Although the hydrocracking can be carried out in a variety of known reactors of either up or downflow, it is particularly well suited to a tubular reactor through which feed and gas move upwardly. The effluent from the top is preferably separated in a hot separator and the gaseous stream from the hot separator can be fed to a low temperature, high pressure separator where it is separated into a gaseous stream containing hydrogen and less amounts of gaseous hydrocarbons and liquid product stream containing light oil product.
A variety of additive particles can be used in the process of the invention, provided these particles are able to survive the hydrocracking process and remain effective as part of the recycle. As examples of such additive particles, there may be mentioned coal, iron-coal, fly ash, pyrite, other iron compounds, etc. These are used preferably in small particle sizes of less than 45 μm and it is important for use in this invention that the additive particles not be active hydrogenation catalysts. Another range of possible additives derive from the fine material native to mined bitumen which has been shown to be moderately effective in the coke suppression.
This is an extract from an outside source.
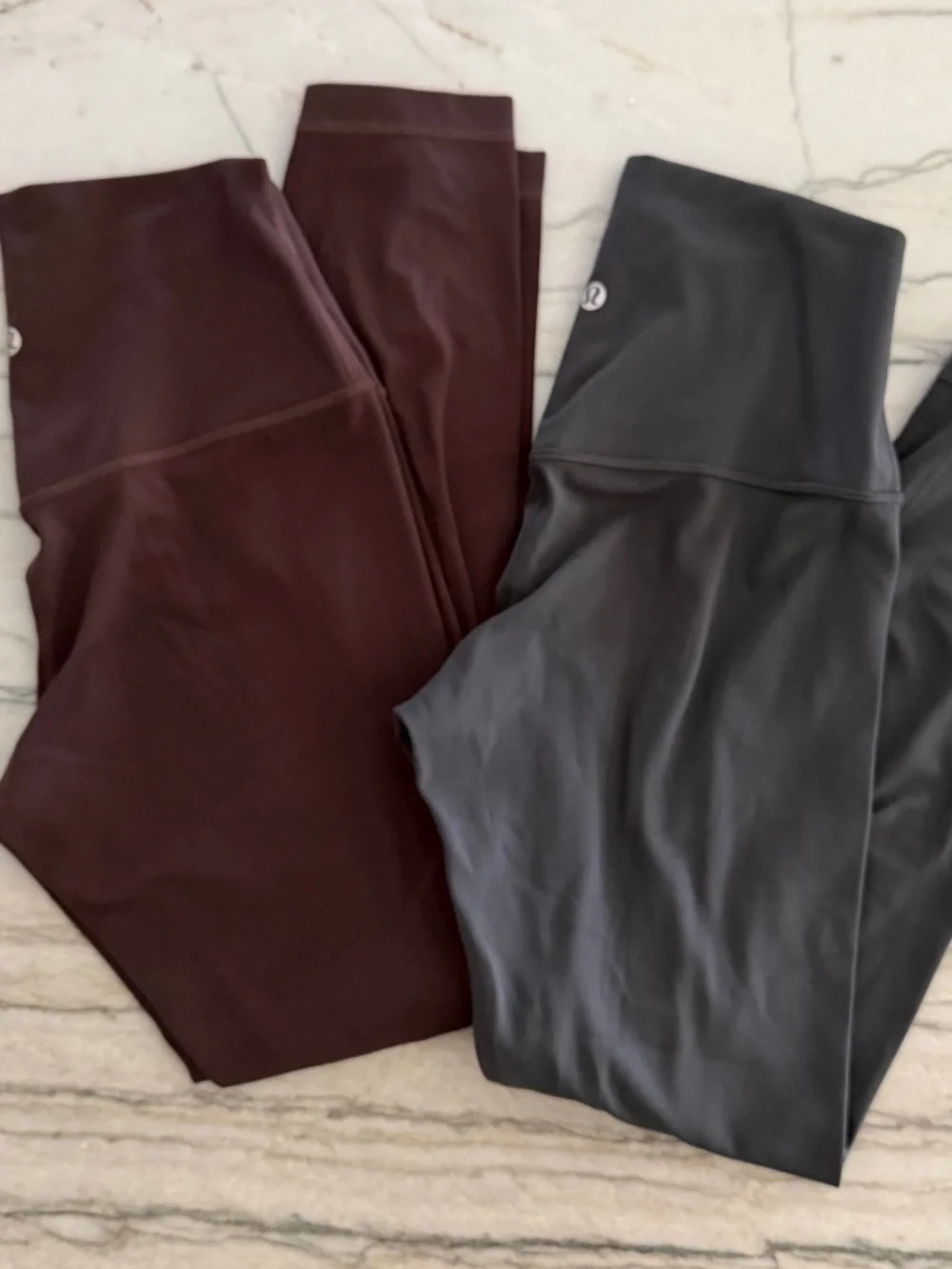 EUC - Lululemon Align Leggings - 2 pairs - 25 inch - Size 6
According to a preferred embodiment, the additive particles are mixed with a heavy hydrocarbon oil feed and pumped along with hydrogen through a vertical reactor. The liquid-gas mixture from the top of the hydrocracking zone can be separated in a number of different ways. One possibility is to separate the liquid-gas mixture in a hot separator kept at a temperature in the range of about 200°-470° C. and at the pressure of the hydrocracking reaction. A portion of the heavy hydrocarbon oil product from the hot separator is used to form the recycle stream of the present invention after secondary treatment. Thus, the portion of the heavy hydrocarbon oil product from the hot separator being used for recycle is fractionated in a distillation column with a heavy liquid or pitch stream being obtained which boils above 450° C. This pitch stream preferably boils above 495° C. with a pitch boiling above 524° C. being particularly preferred. This pitch stream is then recycled back to form part of the feed slurry to the hydrocracking zone. An aromatic gas oil fraction boiling above 400° C. is also removed from the distillation column and it is recycled back to form part of the feedstock to the hydrocracking zone for the purpose of controlling the ratio of polar aromatics to asphaltenes.
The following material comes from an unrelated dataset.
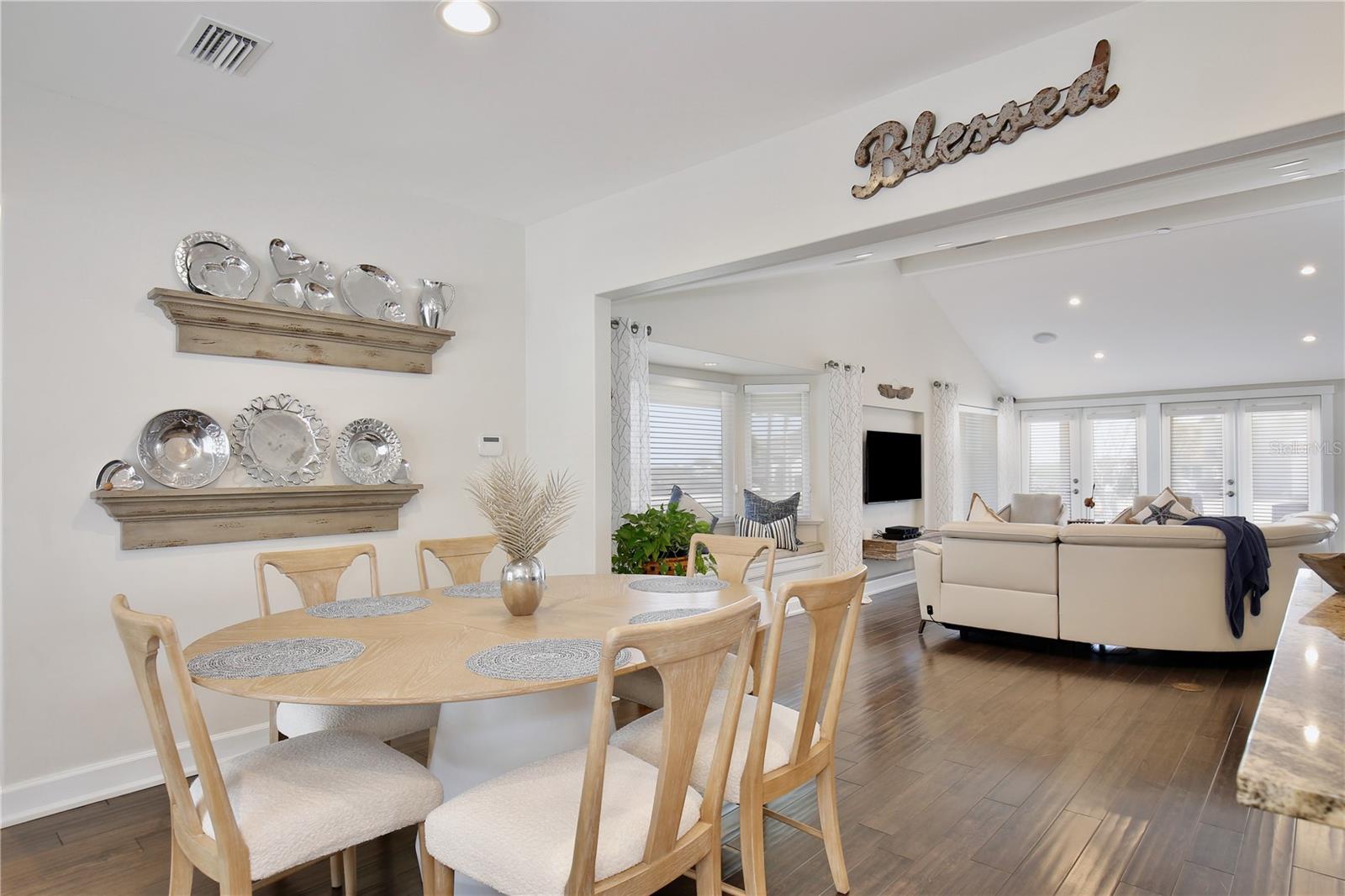 Image 20 of 96 For 210 Riverside Drive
Preferably the recycled heavy oil stream makes up in the range of about 5 to 15% by weight of the feedstock to the hydrocracking zone, while the aromatic oil, e.g. recycled aromatic gas oil, makes up in the range of 15 to 50% by weight of the feedstock, depending upon the feedstock structures.
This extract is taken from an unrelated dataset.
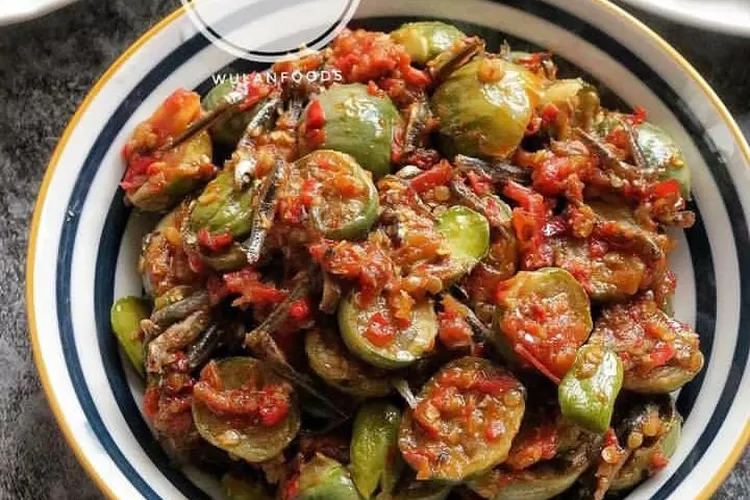 Resep sambal terong gelatik dan teri dijamin makan terasa enak sekali. (instagram @menuseharihari)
The gaseous stream from the hot separator containing a mixture of hydrocarbon gases and hydrogen is further cooled and separated in a low temperature-high pressure separator. By using this type of separator, the outlet gaseous stream obtained contains mostly hydrogen with some impurities such as hydrogen sulphide and light hydrocarbon gases. This gaseous stream is passed through a scrubber and the scrubbed hydrogen may be recycled as part of the hydrogen feed to the hydrocracking process. The hydrogen gas purity is maintained by adjusting scrubbing conditions and by adding make up hydrogen.
The liquid stream from the low temperature-high pressure separator represents a light hydrocarbon oil product of the present invention and can be sent for secondary treatment.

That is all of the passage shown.